◆ Your instructions
Please transcribe only the lines that run from the line bearing "Псилоцибиновые грибы прущие грибы Инсар" to the end of the entries, keeping both end lines. Skip the pictures.

◆ Excerpted records
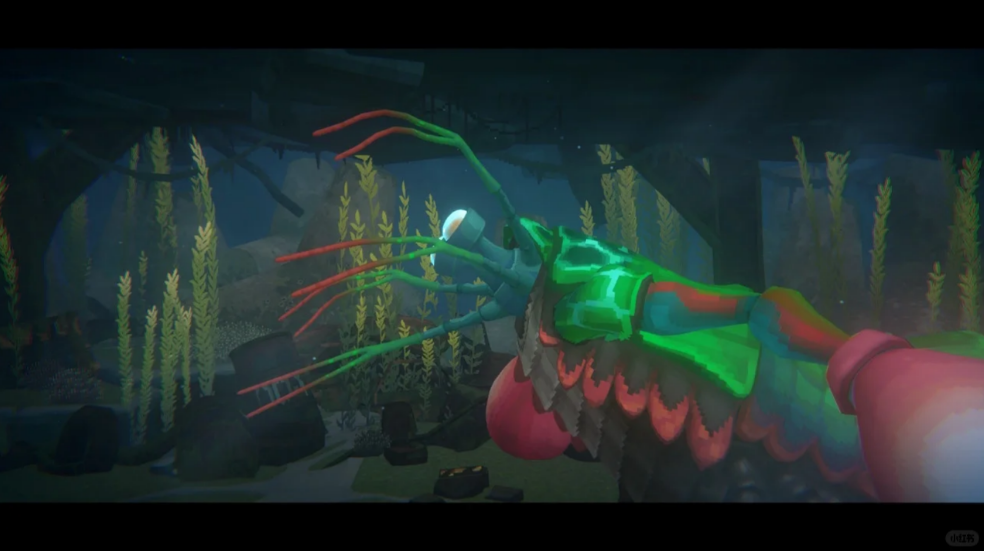 潜水员戴夫拳击螳螂虾如何应对 潜水员戴夫拳击螳螂虾如何应对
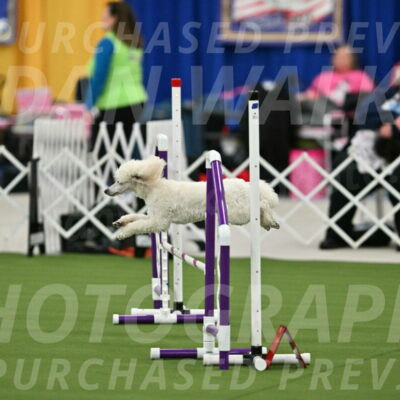 MAS-EX-STD-16-Inch_6324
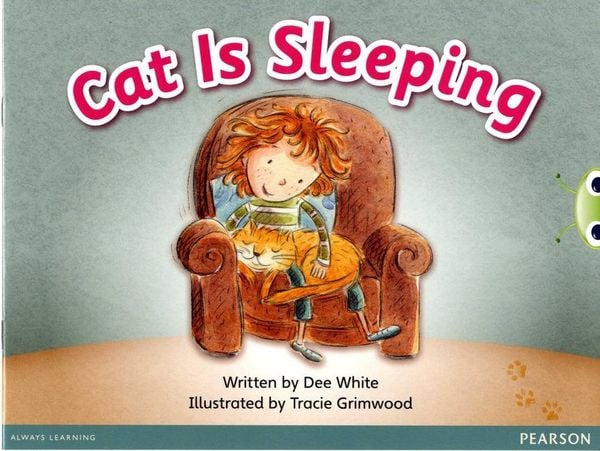 Produktbild: Bug Club Guided Fiction Reception Pink A Cat is Sleeping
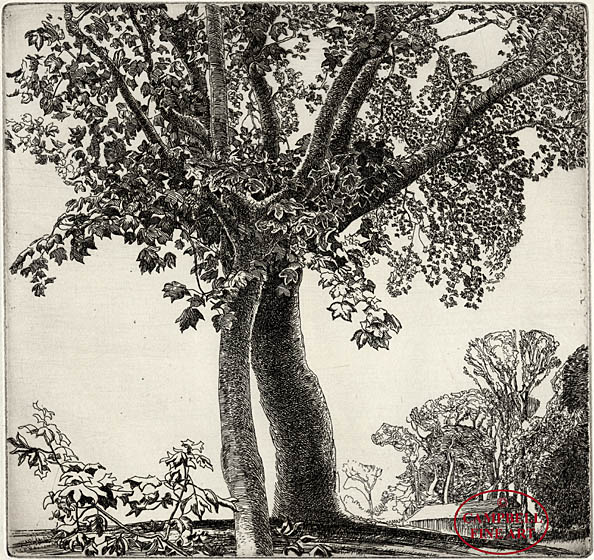 [Two Sycamore Trees] by Eleanor Mary Hughes 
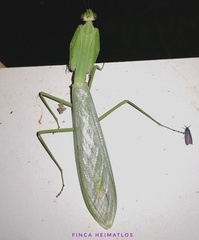 Macromantis hyalina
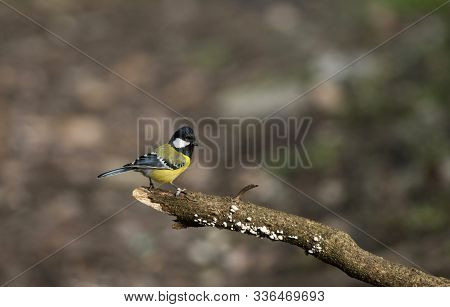 Green-backed Tit, Parus Monticolus At Sattal, Nainital District In Uttarakhand, India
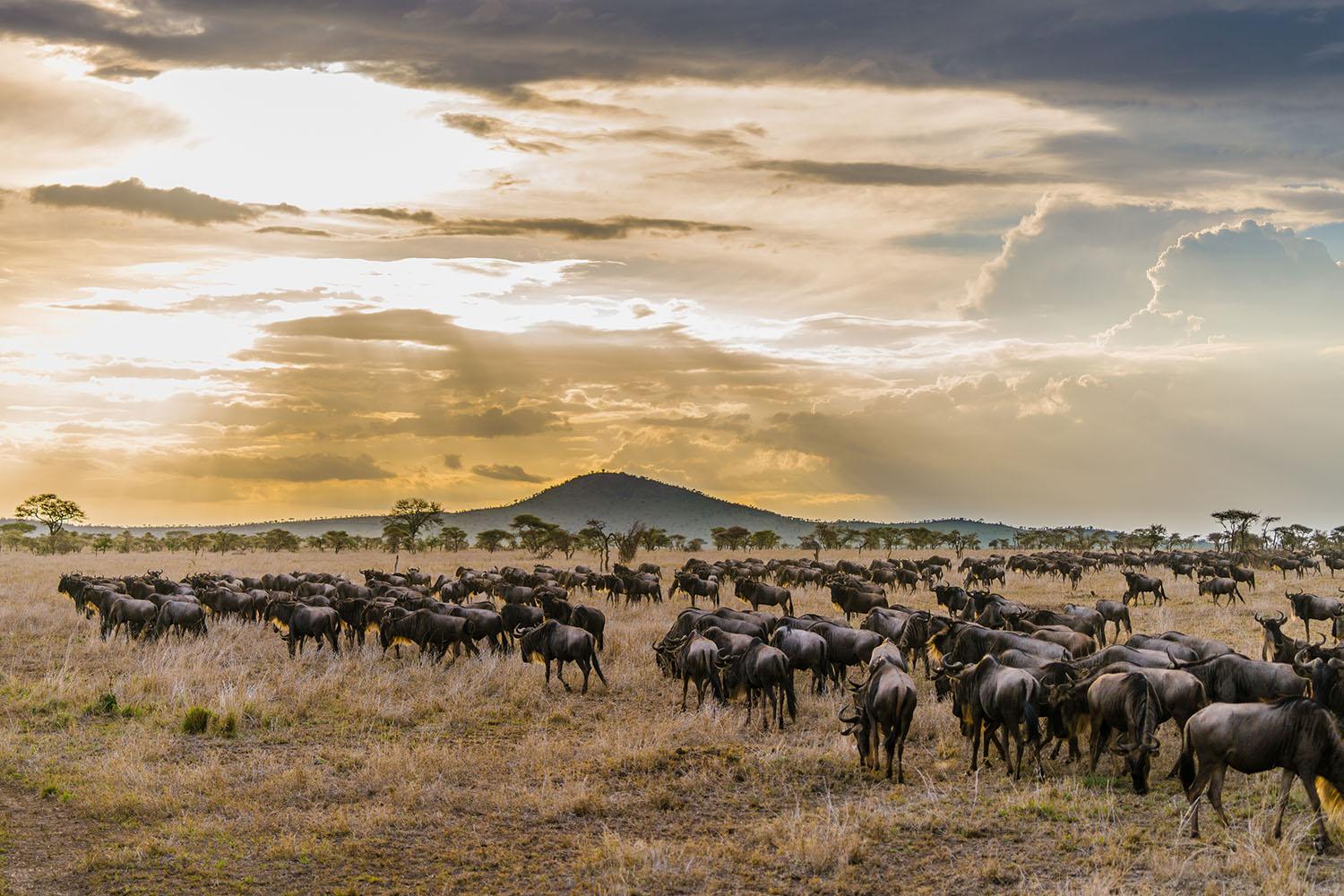 Central Serengeti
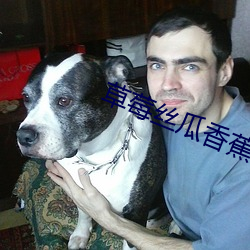 草莓丝瓜香蕉视(shì)频
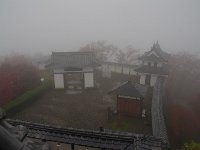 IMG 3992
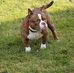 Ray Carrillo - Facebook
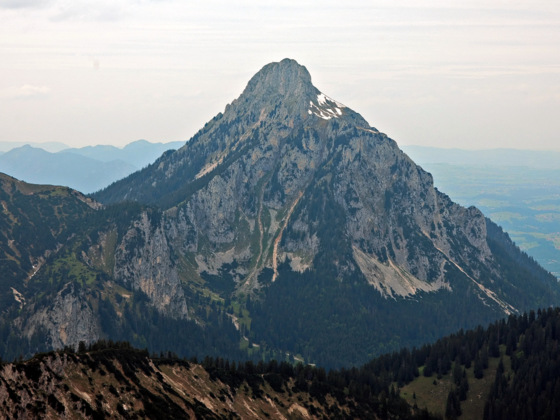 Der Säuling.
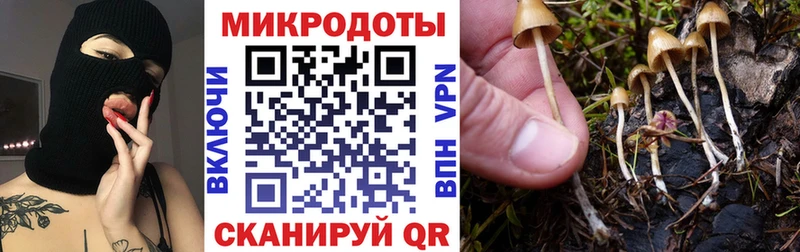 Псилоцибиновые грибы прущие грибы Инсар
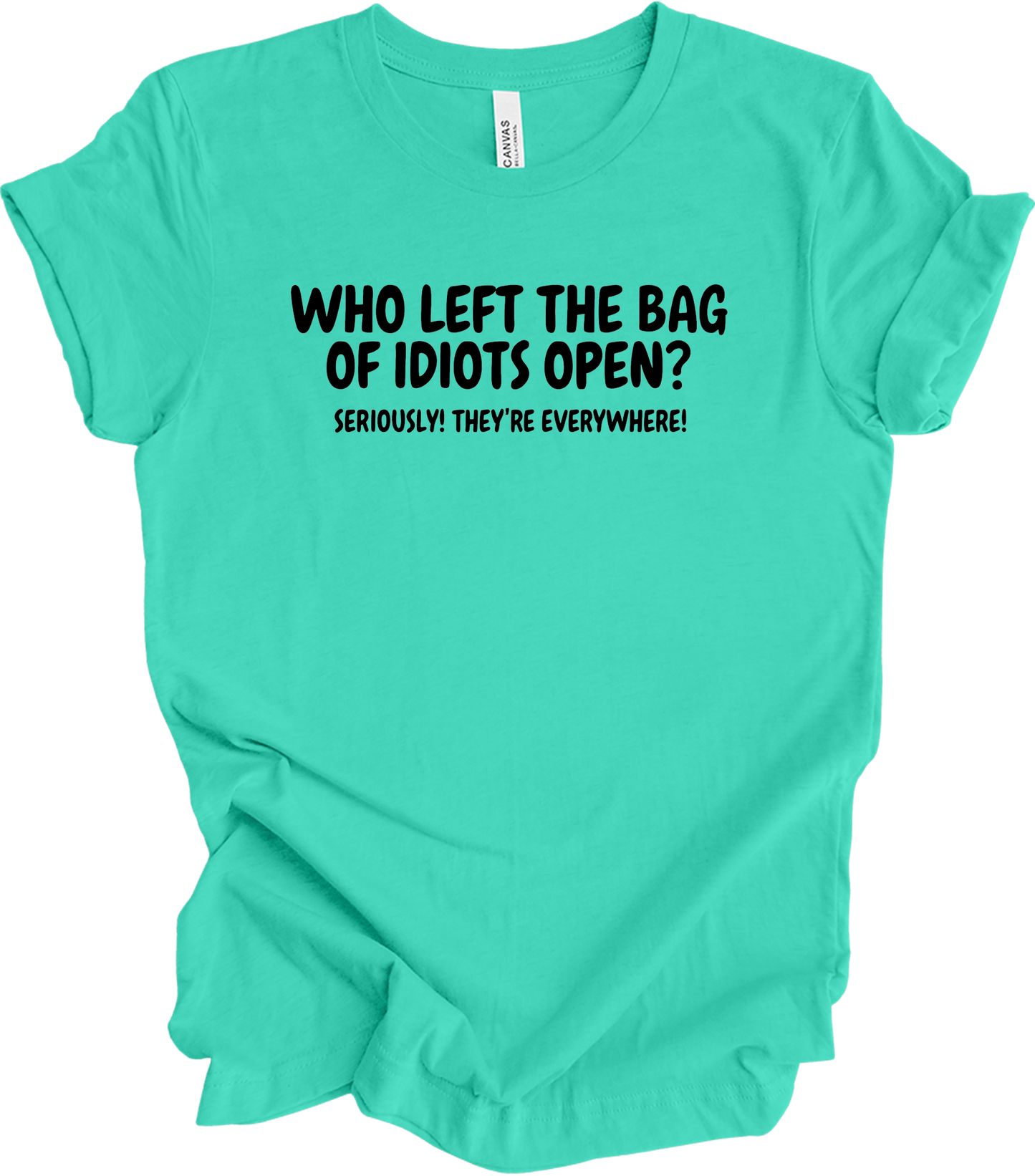 Bag of Idiots Open T-Shirt in Teal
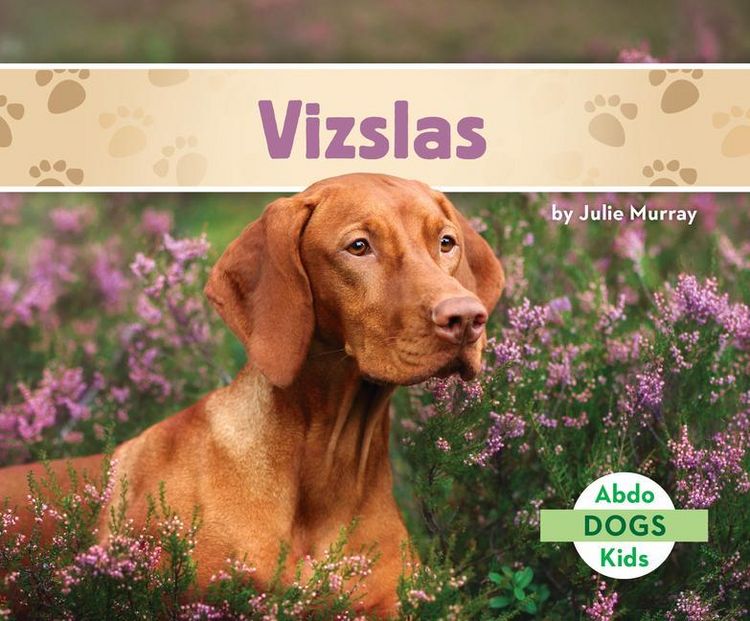 Produktbild: Vizslas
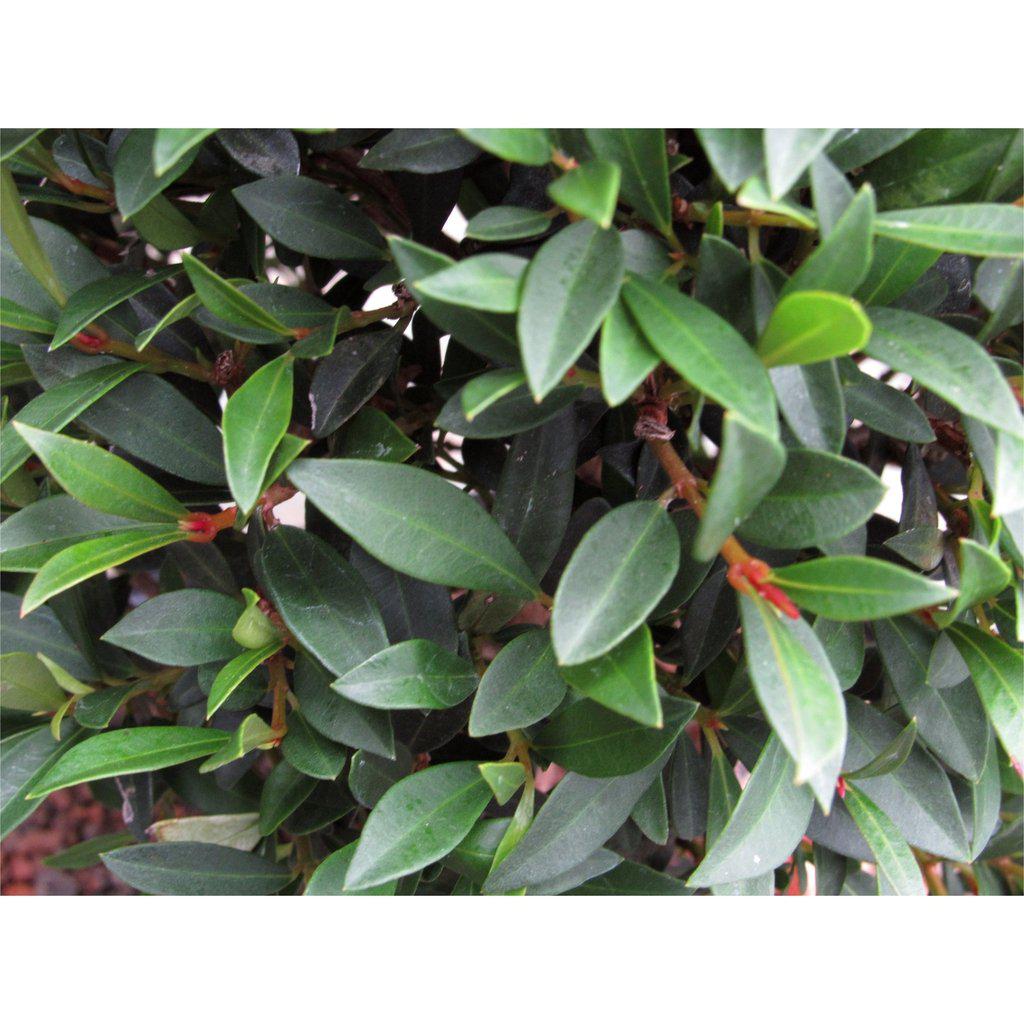 Large Flowering Brush Cherry Bonsai Tree Foliage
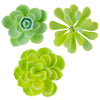 Global Sugar Art Succulent Mixed Assortment Sugar Cake Flowers, 3 Count By Chef Alan Tetreault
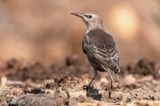 European Starling - Spreeuw - Sturnus vulgaris)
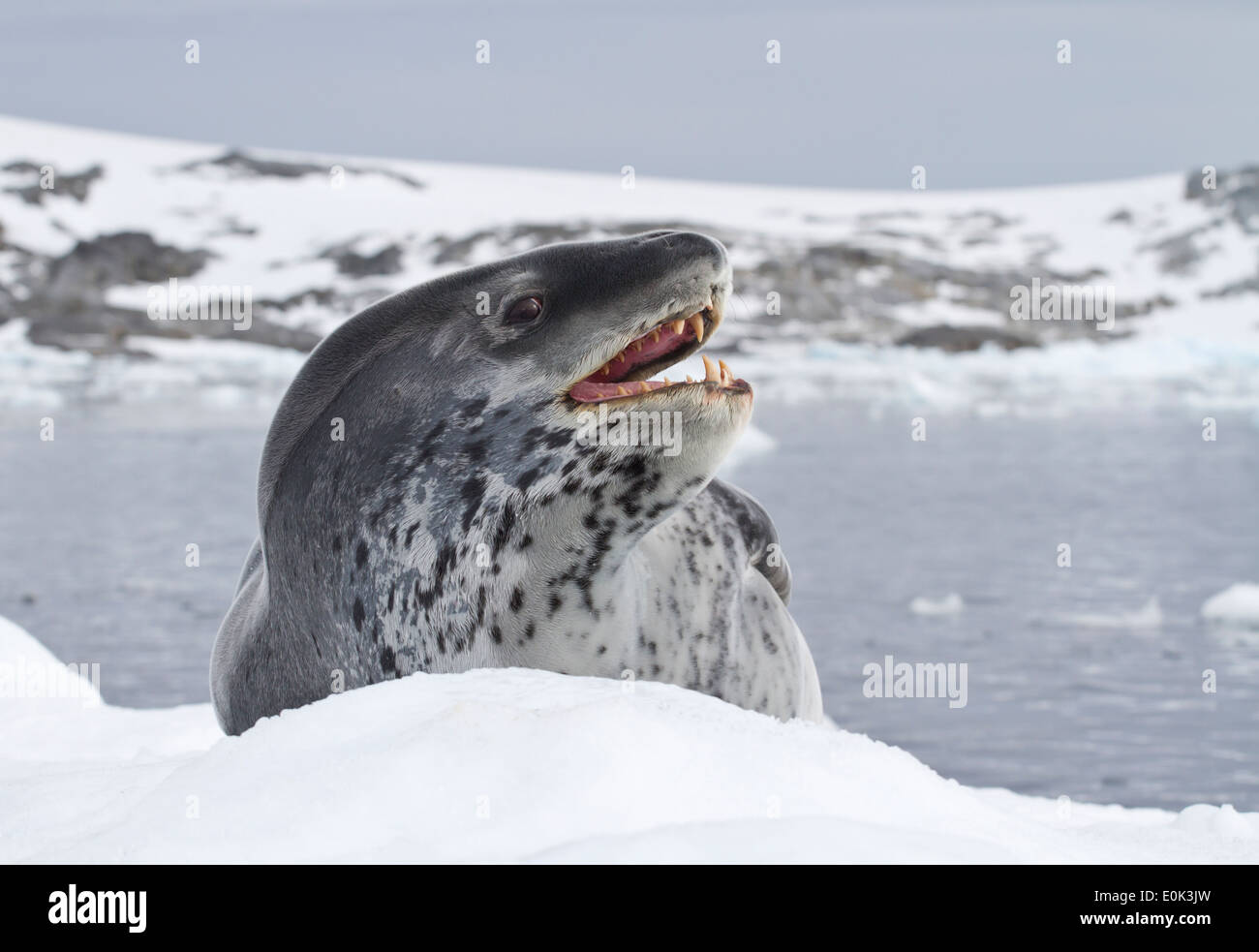 Leopard seal qui se trouve sur un banc de glace près de la côte antarctique Banque D'Images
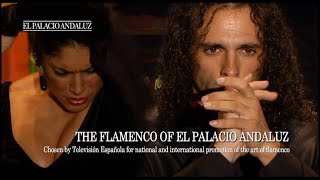 Flamenco Show  Tablao Flamenco El Palacio Andaluz [upl. by Emilee437]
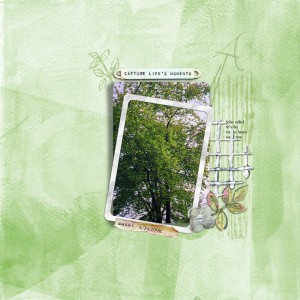 980529_weedtree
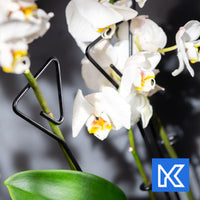 1 x RAW Customer Returns KADAX flower support, 10 pieces, plant support made of steel, height 50 cm, decorative support rods for orchids, flowers, plants, houseplants, flowerpot, climbing aid, climbing rods triangle  - RRP €20.16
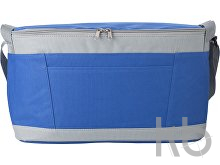 Polyester (600D) cooler bag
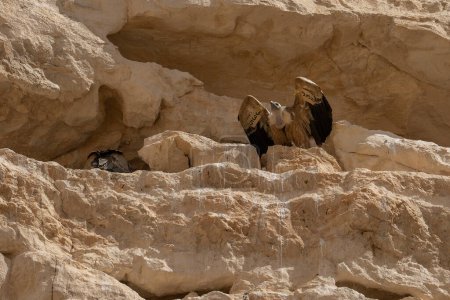 A pair of Eurasian Griffon vultures on a cliff near their nest above Ovdat brook, in the Negev desert, Israel. One of them preparing to take flight.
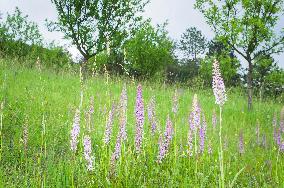 Orchard, Gymnadenia conopsea, marsh fragrant orchid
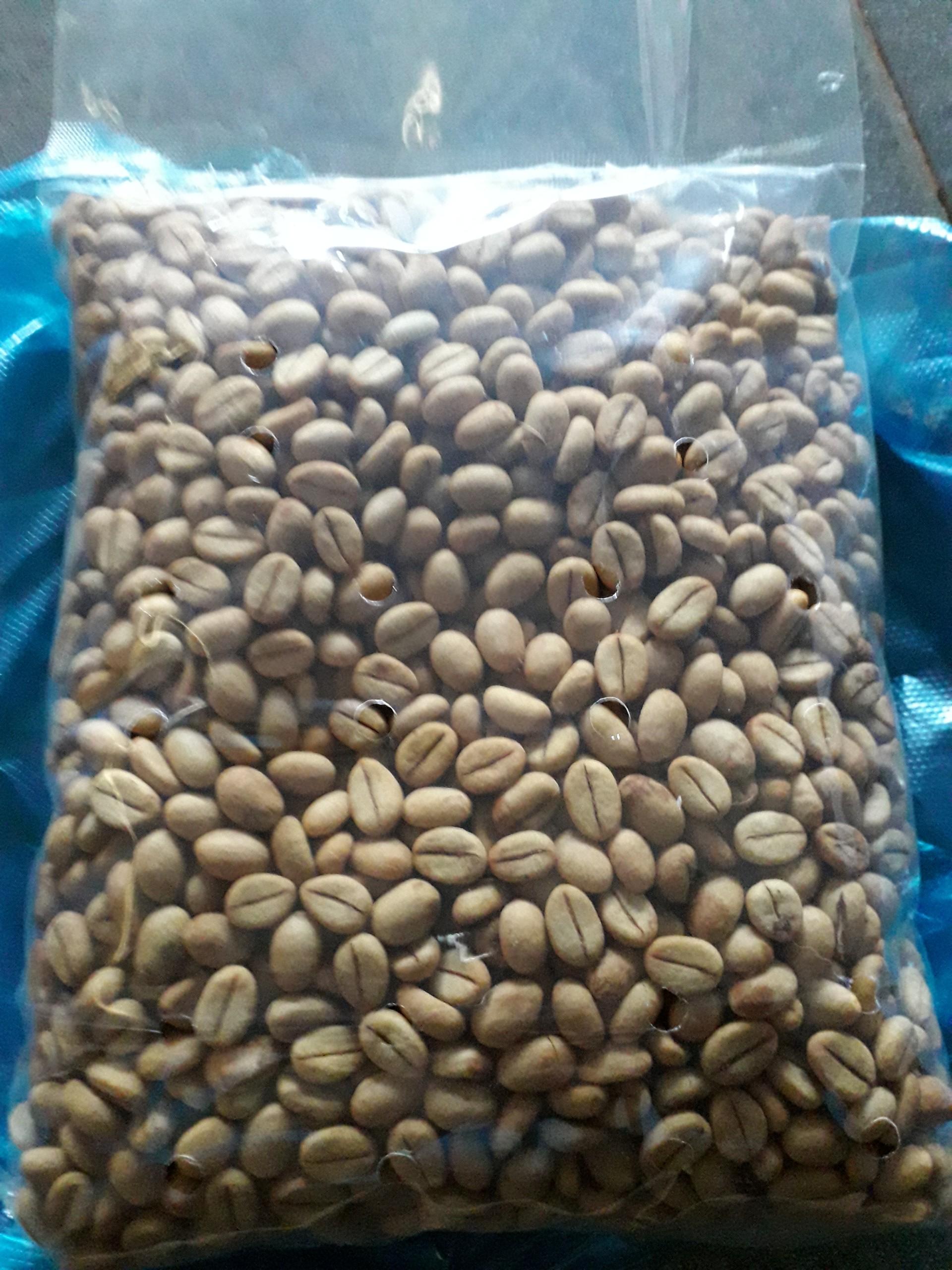 200 GRAM HẠT GIỐNG CÀ PHÊ THIỆN TRƯỜNG CAO SẢN 100% HẠT MỚI- TỶ LỆ NẢY MẦM CAO.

◆ Task answer
 Псилоцибиновые грибы прущие грибы Инсар
 Bag of Idiots Open T-Shirt in Teal
 Produktbild: Vizslas
 Large Flowering Brush Cherry Bonsai Tree Foliage
 Global Sugar Art Succulent Mixed Assortment Sugar Cake Flowers, 3 Count By Chef Alan Tetreault
 European Starling - Spreeuw - Sturnus vulgaris)
 Leopard seal qui se trouve sur un banc de glace près de la côte antarctique Banque D'Images
 Flamenco Show  Tablao Flamenco El Palacio Andaluz [upl. by Emilee437]
 980529_weedtree
 1 x RAW Customer Returns KADAX flower support, 10 pieces, plant support made of steel, height 50 cm, decorative support rods for orchids, flowers, plants, houseplants, flowerpot, climbing aid, climbing rods triangle  - RRP €20.16
 Polyester (600D) cooler bag
 A pair of Eurasian Griffon vultures on a cliff near their nest above Ovdat brook, in the Negev desert, Israel. One of them preparing to take flight.
 Orchard, Gymnadenia conopsea, marsh fragrant orchid
 200 GRAM HẠT GIỐNG CÀ PHÊ THIỆN TRƯỜNG CAO SẢN 100% HẠT MỚI- TỶ LỆ NẢY MẦM CAO.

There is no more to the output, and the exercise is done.